La politica ha tutto l’interesse a recuperare l’astensione. È vero che il risultato è del tutto legittimo, ma essere votati da una minoranza degli elettori, significa avere a che fare con una stragrande maggioranza che per i tre quarti non ha votato chi ha vinto. Che deve così fare i conti con diffidenza e scetticismo. L’astensionismo è un elemento che può mettere in difficoltà chiunque vinca e decida di intraprendere una politica di riforme di un certo tipo. Perché potrebbe incontrare l’opposizione fortissima degli elettori. E poi c’è l’astensionismo involontario.

Di che cosa si tratta?

In Italia ci sono 2,8 milioni di over 65 che hanno problemi di mobilità e dovrebbero essere accompagnati al seggio. Altri 4,9 milioni di persone nel giorno delle elezioni sono a più di 240 chilometri di distanza dal proprio comune di residenza. Sommando questi due valori si arriva a 7,7 milioni di persone. Che non è detto che sarebbero andati tutti a votare, ma tutti devono essere messi nelle condizioni di poterlo fare.

Da domenica sera l’Italia è un po’ più bipolare?

L’Italia esce un po’ più polarizzata, ma attenzione perché l’area centrista non è irrilevante dal punto di vista numerico. Però bisogna che faccia proposte credibili che sia in grado di far intravedere un’idea di Paese con delle proposte, anche molto concrete, che possano caratterizzare una proposta politica alternativa al centrodestra e al centrosinistra.

E in questo scenario come si posizionano i cattolici?

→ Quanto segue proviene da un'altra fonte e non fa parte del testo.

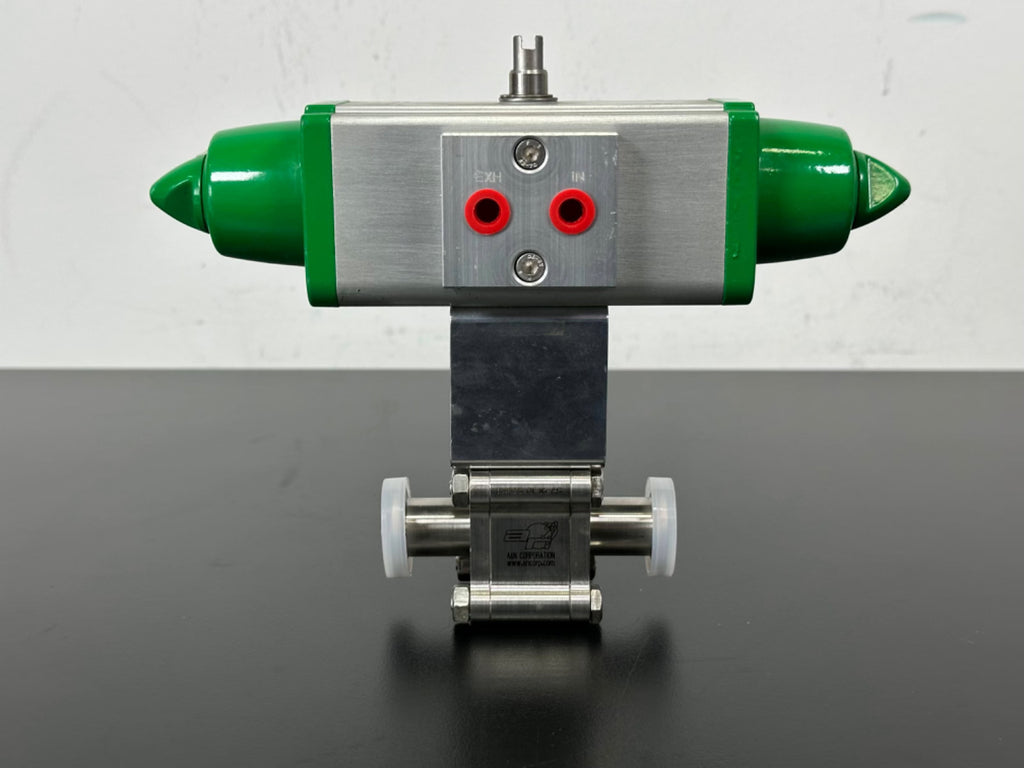 Actuatech GS 15 F04 Pneumatic Actuator w/ A&N Ball Valve B4075 0F16 AS Stainless3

Come la politica, anche la fede è ormai un frammento dell’identità. Già nel 2022, in occasione delle ultime elezioni politiche, dicevo che il voto cattolico è una sorta di pia illusione. E ne abbiamo avuto conferma in questa campagna elettorale europea, nella quale si è parlato molto poco di Europa. I credenti avrebbero potuto e dovuto far sentire un po’ di più la loro voce, anche oltre il dibattito su Avvenire. Ma sono stati praticamente silenti né più né meno degli altri.